Their are 4 widely accepted parenting styles: authoritative (aka. tough love), authoritarian, permissive, and neglectful. Each has its own unique characteristics and each has long-term consequences on the development of your child and on your relationship with your child.
Neglectful parenting means that the child’s needs are not attended to. This can include basic, fundamental needs like: not getting glasses if the child cannot see, not feeding the child, or not giving them a warm coat to wear at the bus stop on a freezing cold winter morning. (You are not neglectful if you won’t buy them their desired brand of these items. More on that in another time.) Children raised by neglectful parents have trouble in all sorts of relationships in life because they missed out on learning how a healthy, loving, and attentive relationship works. They also tend to do worse in school because they don’t have support at home to talk about issues they maybe facing or anyone to simply check their homework. This type of parenting should be an obvious no-no.

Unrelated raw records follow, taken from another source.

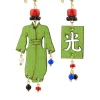 Orecchini Kimono Special Piccolo Verde Chiaro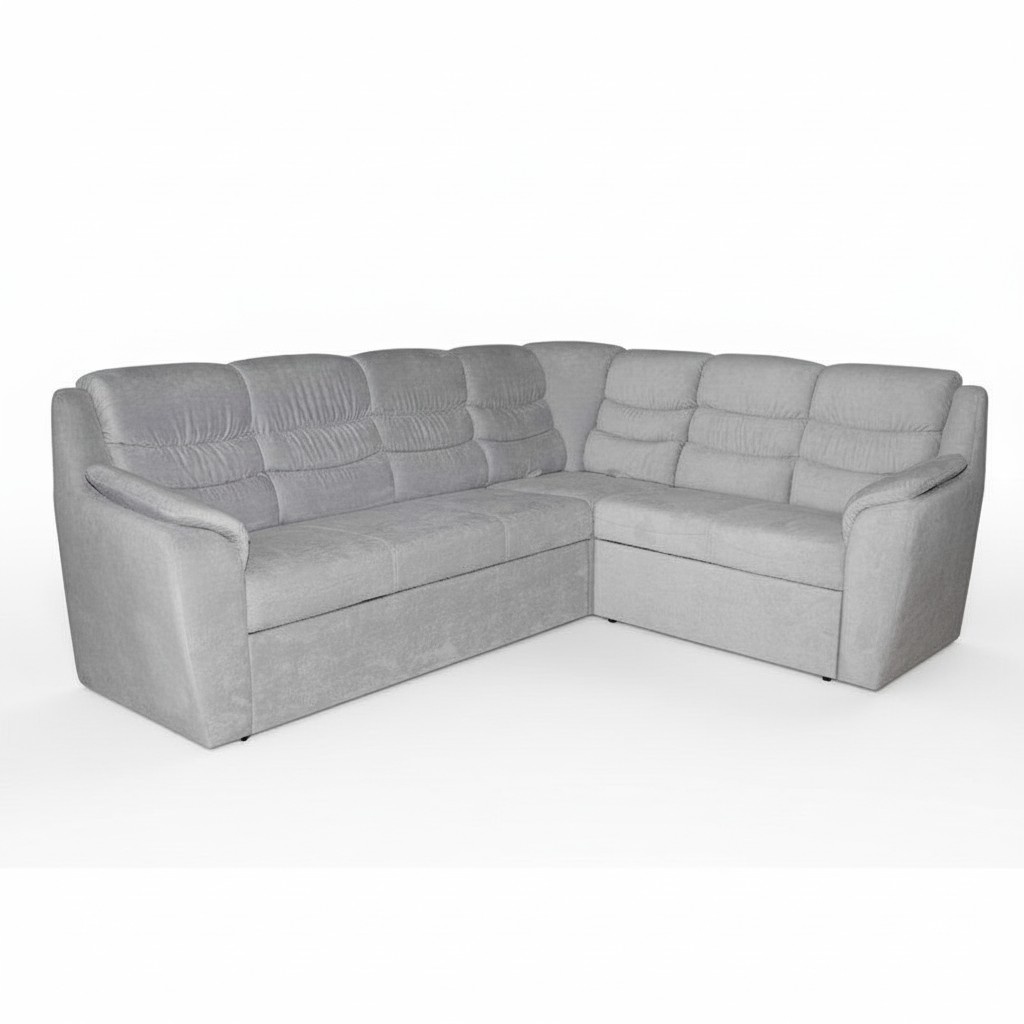 Schlafsofa Ausziehbare Couch Stoff Eck Sofa Polster Ecke Textil Couchen Verso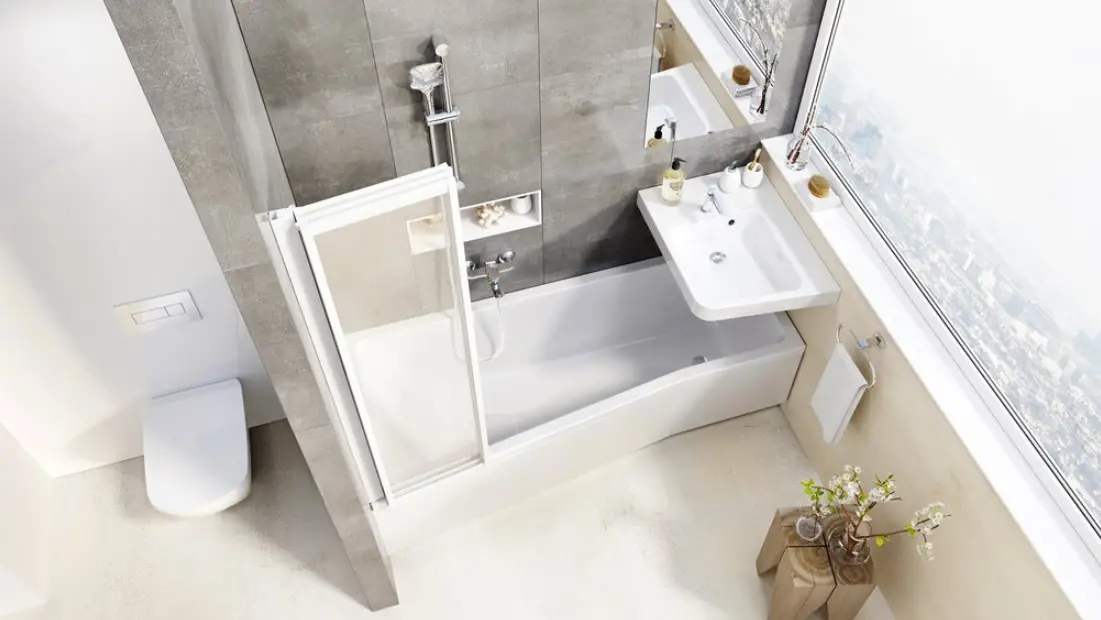 Ravak Be Happy L Umyvadlo Corner Wash Basin Instruction Manual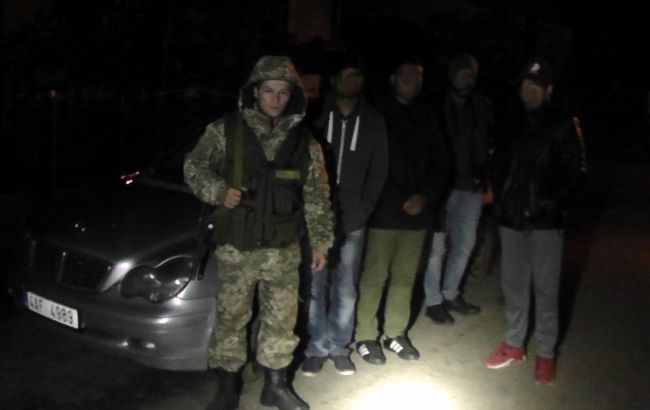 Пограничники задержали 6 нелегальных мигрантов из Либерии и Бангладеш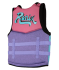 RONIX VESTS GIRL'S AUGUST YOUTH CGA - 2026 - BACK 3-4
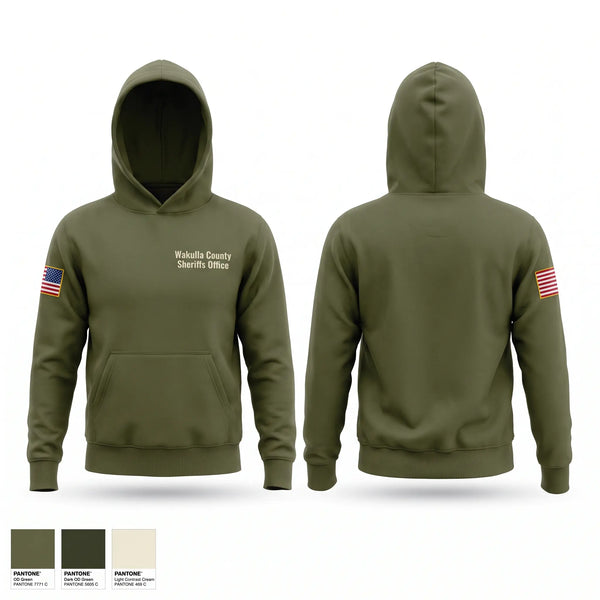 Hoodie, Wakulla County Sheriff’s Office, Police, Teamtime, Team time, sublimation, custom sports apparel, team uniforms, spirit wear, spiritwear, sports uniforms, custom shirts, team store, custom team store, fundraiser sports, apparel fundraiser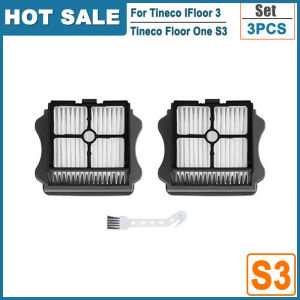 For Tineco Floor One S3 Tineco iFloor 3 Cordless Wet Dry Vacuum Cleaner Accessories Brushes Hepa Filter Roller Brush Spare Parts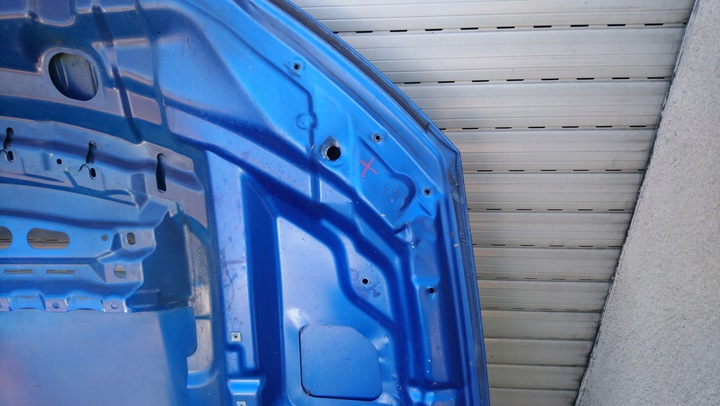 фото №8, Капот subaru impreza iii 07-13 крышка двигателя subaru impreza iii wrx sti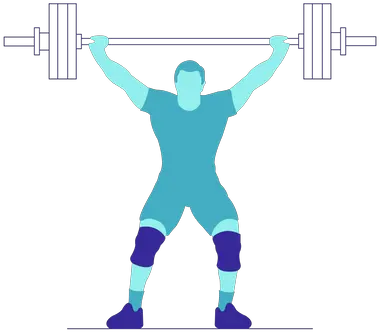 Fitness Exercise Illustrations Images U0026 Vectors Royalty Free Weights Png Workout Silhouette Icon Vector Free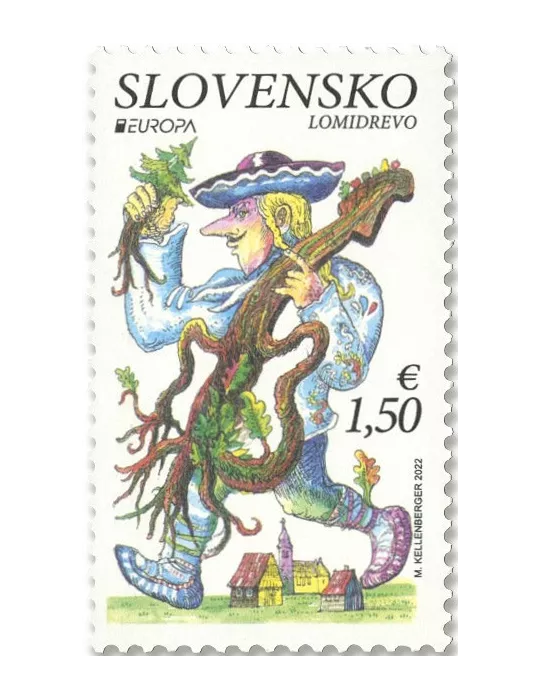 n°849 - Timbre SLOVAQUIE Poste (EUROPA)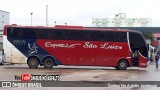 Expresso São Luiz 7390 na cidade de Goiânia, Goiás, Brasil, por Ônibus No Asfalto Janderson. Número da foto: #8578629.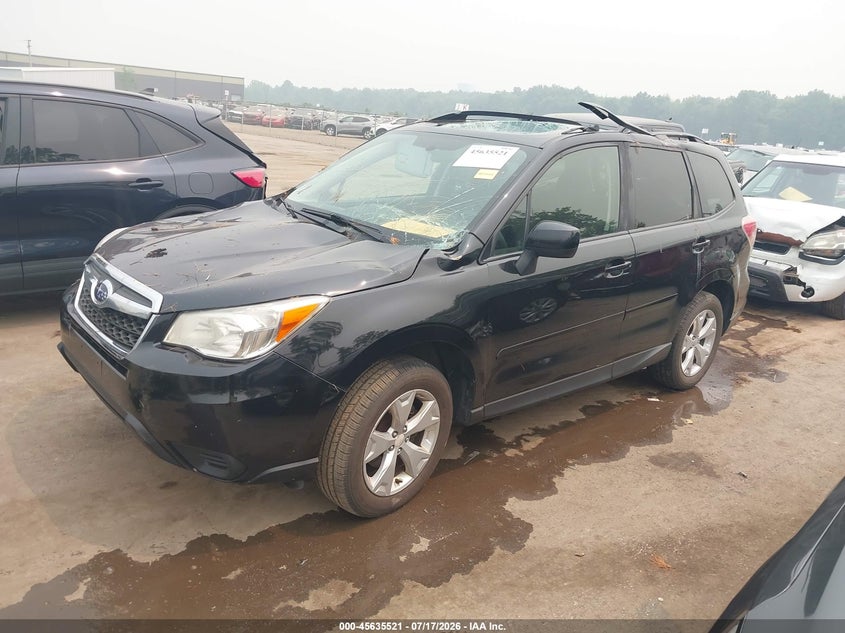 Vin: jf2sjadc3gh558969, lot: 46134022, subaru forester 2.5i premium 20162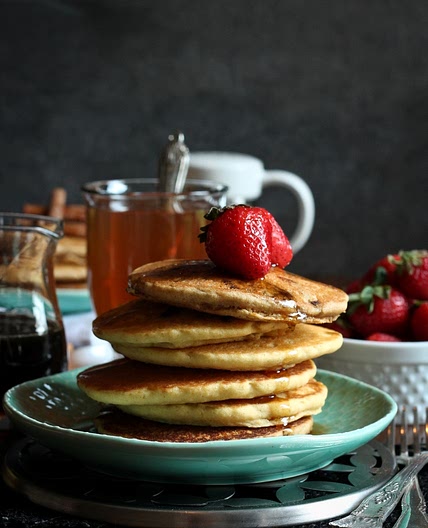 Vegan Gluten-Free Corn Flour Pancakes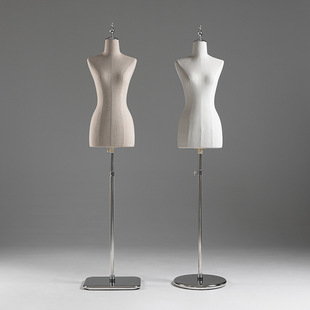 O1CN010sWGwb1nondoSIxu2_2218826365137-0-cib.310x310.jpg Female Wedding Dress Mannequin - Women’s Store Window Stand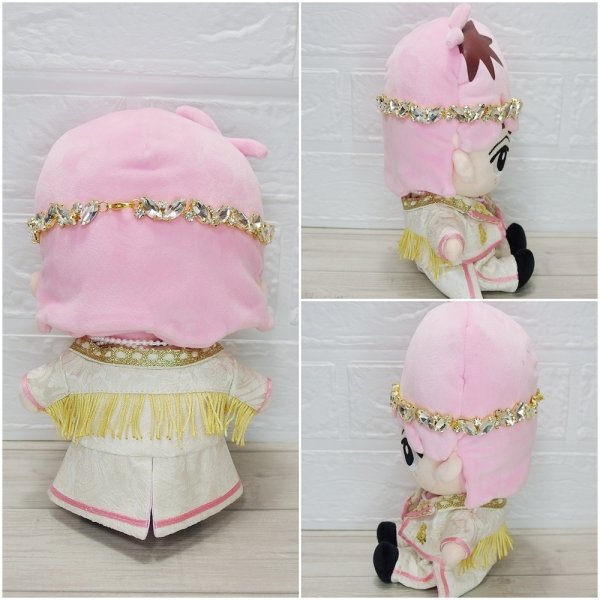 画像4: 【予約受付中】 ユニット 地球 衣装 (すのチル小/BIG選択) ピンク担当 sn502 (4)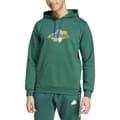Miniatyrbild 1 av 3: Adidas Codes Graphic Tröja Med Huva Grönt XL / Regular Man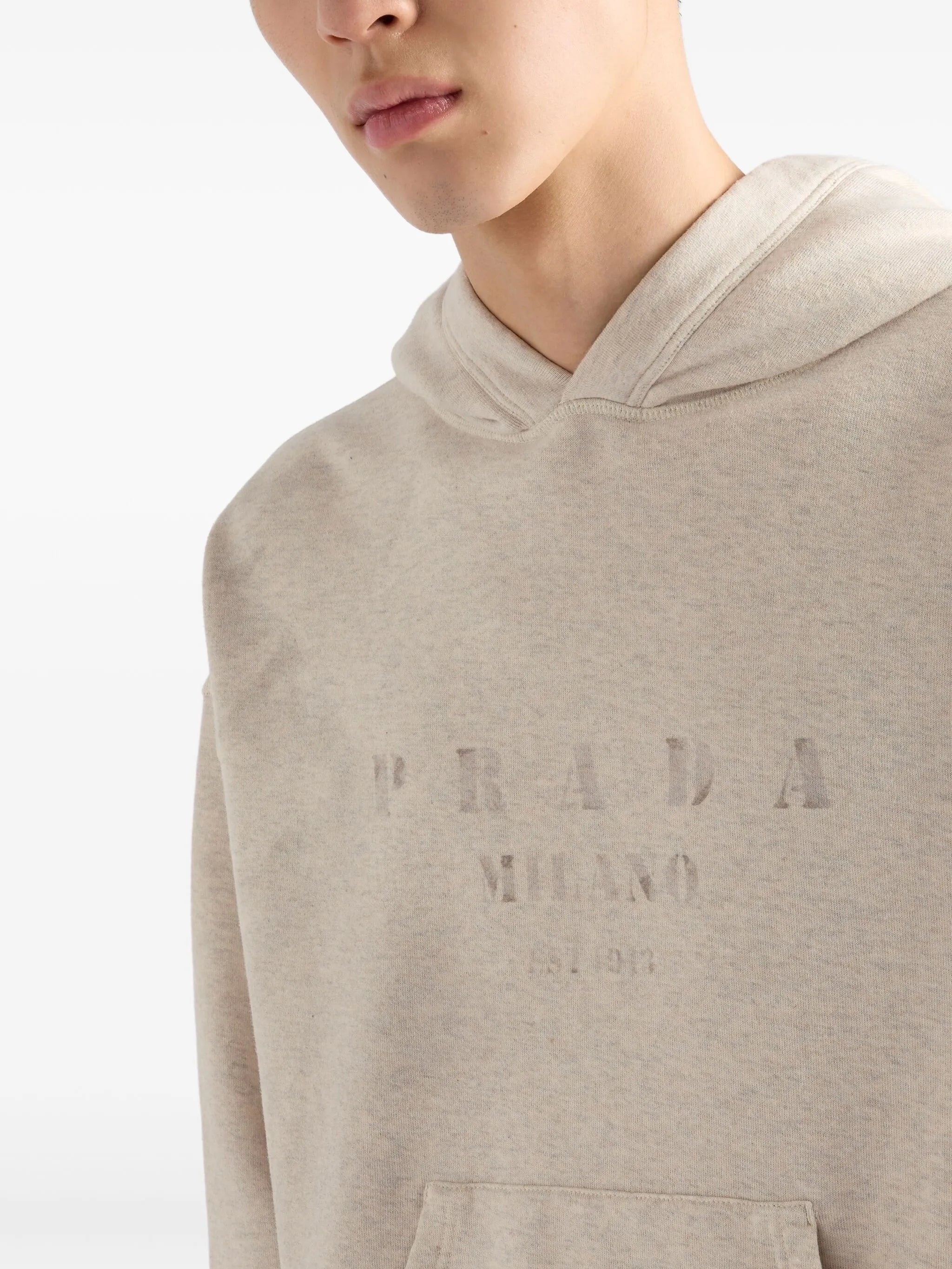 Prada Cotton Hoodie - 2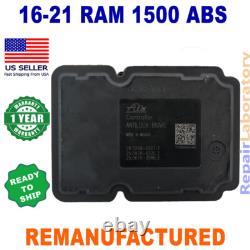 ReBuilt? 68295368AC 2016-21 RAM 1500 ABS Anti-lock Brake Pump CONTROL MODULE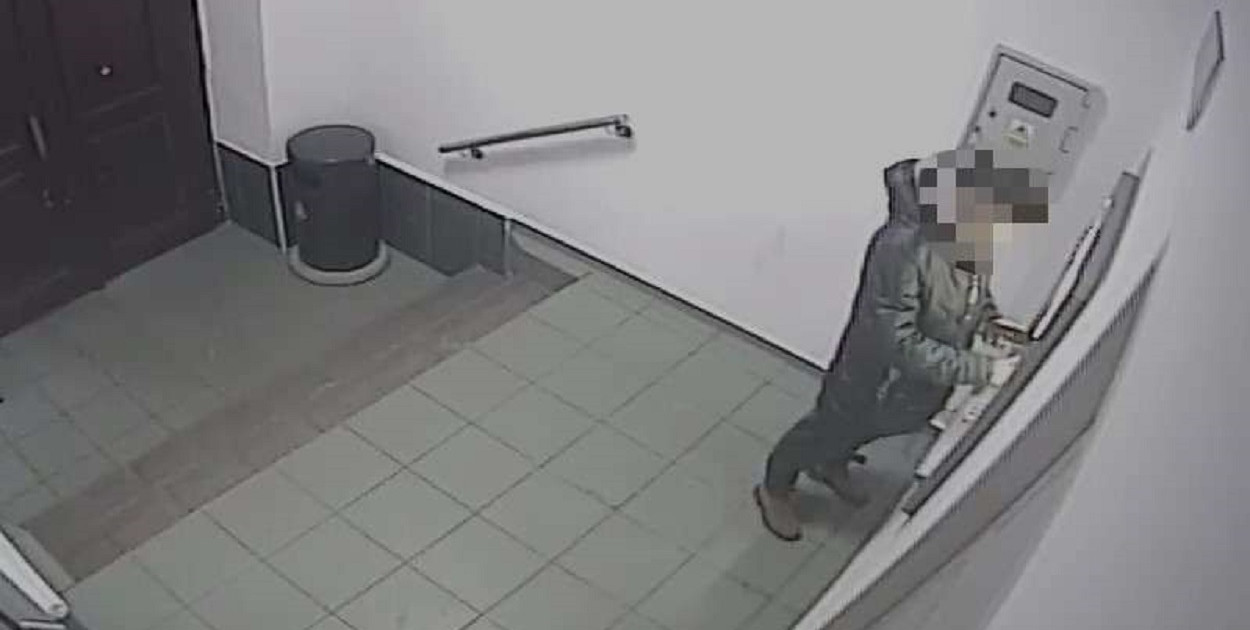 Funkcjonariusze gromadząc materiał dowodowy potwierdzili, że to 34-latka ma związek z tymi przestępstwami (fot. KPP Kolno)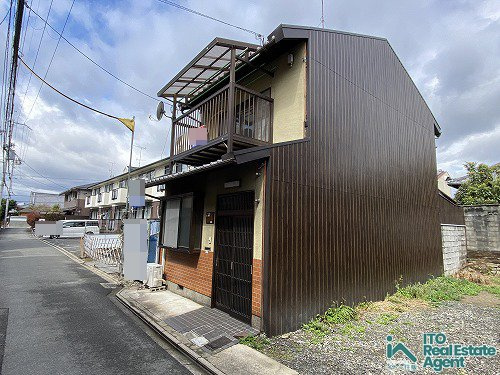上京区七番町 「京町家」の外観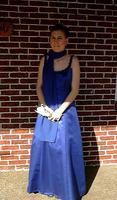 Heather, ready for Prom 1999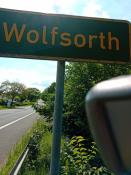 Wolfsorth mit gps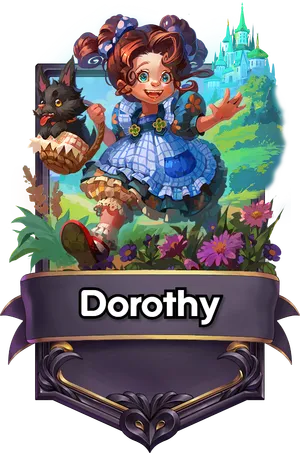 Dorothy captain card art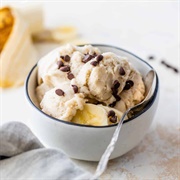Frozen Banana "Ice Cream"
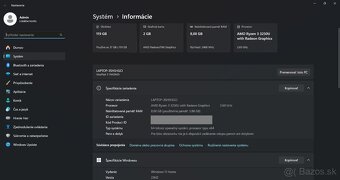 Lenovo Ideapad 3 /Ryzen 3-3250U/8GB RAM/FHD/128GB SSD/Bat ok - 11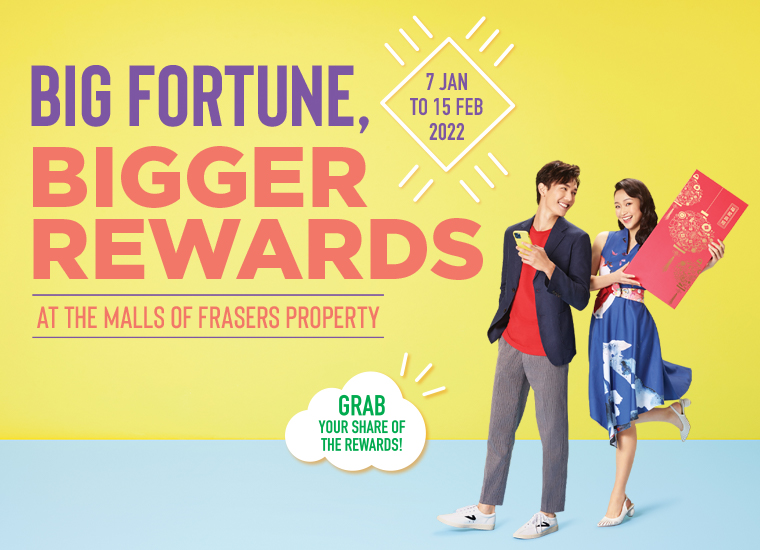 Celebrate Abundance in Prosperity at the Malls of Frasers Property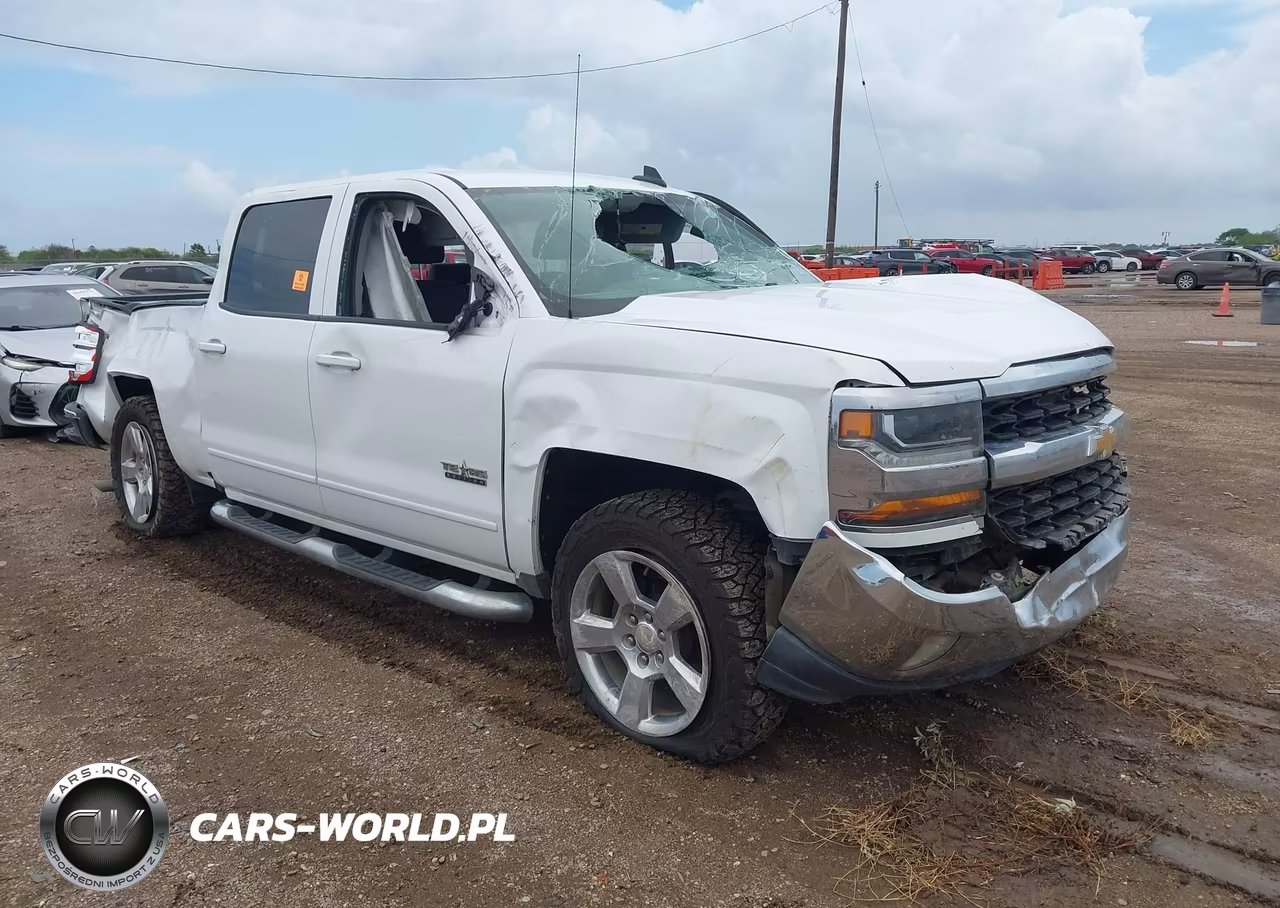 2017 Chevrolet Silverado 1500 1Lt – zdjęcie 1 z 11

Permissive parenting is allowing your child to do what they want. Discipline and boundary setting is very difficult for these types of parents because they prefer to be more of a friend to their child. Frequent and/or large bribes are common in this type of parenting. The long-term consequences of permissive parenting can include insecurity from lack of boundaries and self-centeredness. “Affluenza” is one direct result of this type of parenting.
Authoritarian parenting sets rules and expect total respect and obedience to this rules. There is not a lot of room for discussion between parents and kids in this relationship. If you say “because I said so!” to your children all the time, you maybe this type of parent. Children raised by authoritarian parenting tend to be shy and anxious and frequently are seen being more rebellious from their parents.
Authoritative parenting is the last, and best, type of parenting. Authoritative parents are clear in setting rules and boundaries and are loving in implementing them. “I am enforcing this rule BECAUSE I love you”. Authoritative parents allow for a discussion and explanation of the rules (even though this can be very difficult at times). Kids raised by authoritative parents tend to do the best in the real world because they learn to communicate, to respect and be respected, and learn ‘why’ such a rule exists.
Conscious parents (and educators) are always considering their own triggers and needs when relating to their kids. From that awareness they can then act from their kids actual best interests instead of the parents’ needs that are bred from fear and judgement.